Unfortunately, we did not realize from the beginning how detrimental false positives (reported failures when the change is actually fine) can be to the perception of our results. In hindsight, it would have been better to start with something basic and reliable, gradually expanding tests (thanks to Augie Fackler for the insight). However, we also wanted to experiment and explore different modes.
Nevertheless, I believe the situation can still be mended.
Here are some ideas:
-
(Easy) Significantly restrict the number of tests/projects that are tested. For example, we can limit testing to LLVM and clang on Linux only. For other subprojects, we can recommend defining a stable subset of build/test or following the libcxx approach by defining their own custom pipeline. We can still provide a way for developers to request a Windows build or broader testing if desired, perhaps by adding a specific keyword to the review description.
-
(Hard) Select a “golden green” commit as a baseline for comparison.
-
(Hard) Identify new test failures introduced by the change compared to the main branch. This approach is not ideal and does not address flaky tests.
-
(Unknown) Introduce a way to fine-tune the tests and exclude long-running or flaky ones. The difficulty and policy around disabling tests are uncertain.

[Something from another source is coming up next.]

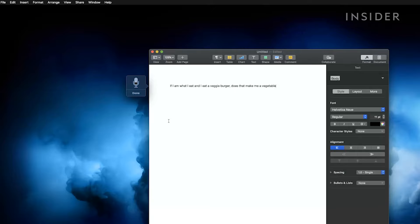To stop dictation, click done below the microphone icon.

Considering the options, I believe implementing (a) would provide a net benefit in terms of feedback time (as we would have fewer initial tests to run) and significantly reduce the number of false positives.
Thoughts?
IMO each project should define what it wants to run as CI. It really is different for each project, and trying to have one CI job that satisfies everyone ends up satisfying no one.

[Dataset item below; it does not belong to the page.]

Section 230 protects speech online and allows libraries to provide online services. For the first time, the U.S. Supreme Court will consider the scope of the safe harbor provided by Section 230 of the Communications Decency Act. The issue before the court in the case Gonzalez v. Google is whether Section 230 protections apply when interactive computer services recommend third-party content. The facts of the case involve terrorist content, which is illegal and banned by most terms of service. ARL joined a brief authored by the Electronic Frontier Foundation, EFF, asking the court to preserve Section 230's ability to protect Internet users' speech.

What I would suggest here is that we could simply call a script like generate-buildkite-pipeline
(llvm-project/generate-buildkite-pipeline at main · llvm/llvm-project · GitHub) which would be expanded by projects that want to with their own testing pipeline. For example we could move generate-buildkite-pipeline
to utils/ci
and then it would be entirely transparent what CI happens for what project, and it would be trivial for folks to onboard their project by just editing that file.
Essentially this is a stripped down version of your first suggestion above where we don’t even try to run anything unless the project has opted into it and define what CI they want to run. But we’re empowering the projects to do it by making it super easy and handling the infrastructure side of things.
IMO each project should define what it wants to run as CI.
This is already the case to some extent: there are various configs in buildbot, and even in the pre-merge it is quite customizable. For example, phabricator changes to MLIR are for a while running ninja check-mlir
and won’t build or test any of clang, lld, etc. (it’ll build the minimum amount of LLVM needed, but not run any test there).
More importantly, “project should define” does not seem very well defined to me, because projects are composed of various stakeholder which each have their own interest and priorities: right now it is up to a stakeholder to step up and provide CI for something (a config, platform, etc.) they care about.
One more thing is that there are things we can do in a “unified” pre-merge build as today that become less efficient when you treat projects independently: the projects mostly form a DAG organized around LLVM itself, and the unified build means building LLVM once instead of “once per project a patch is touching” (That may be fine since most patch are not cross-projects?)
I don’t object to the principle of this discussion, but please don’t disable Windows tests in the pre-merge CI, at least for core LLVM (possibly clang and lld too). A significant number of patches I see have Windows problems in them, because most developers develop on non-Windows systems, so miss simple things that don’t work on Windows for whatever reason. Build failures that make it into main are a pain to deal with, even if LLVM’s post-commit build bots pick them up, because it blocks our (Sony’s) auto-merging process, if nothing else. Pre-commit testing has ensured many of these breakages haven’t made it to the main branch.
I’ve got no objection to different projects defining what sets of tests should be run though (including e.g. Windows/Linux only).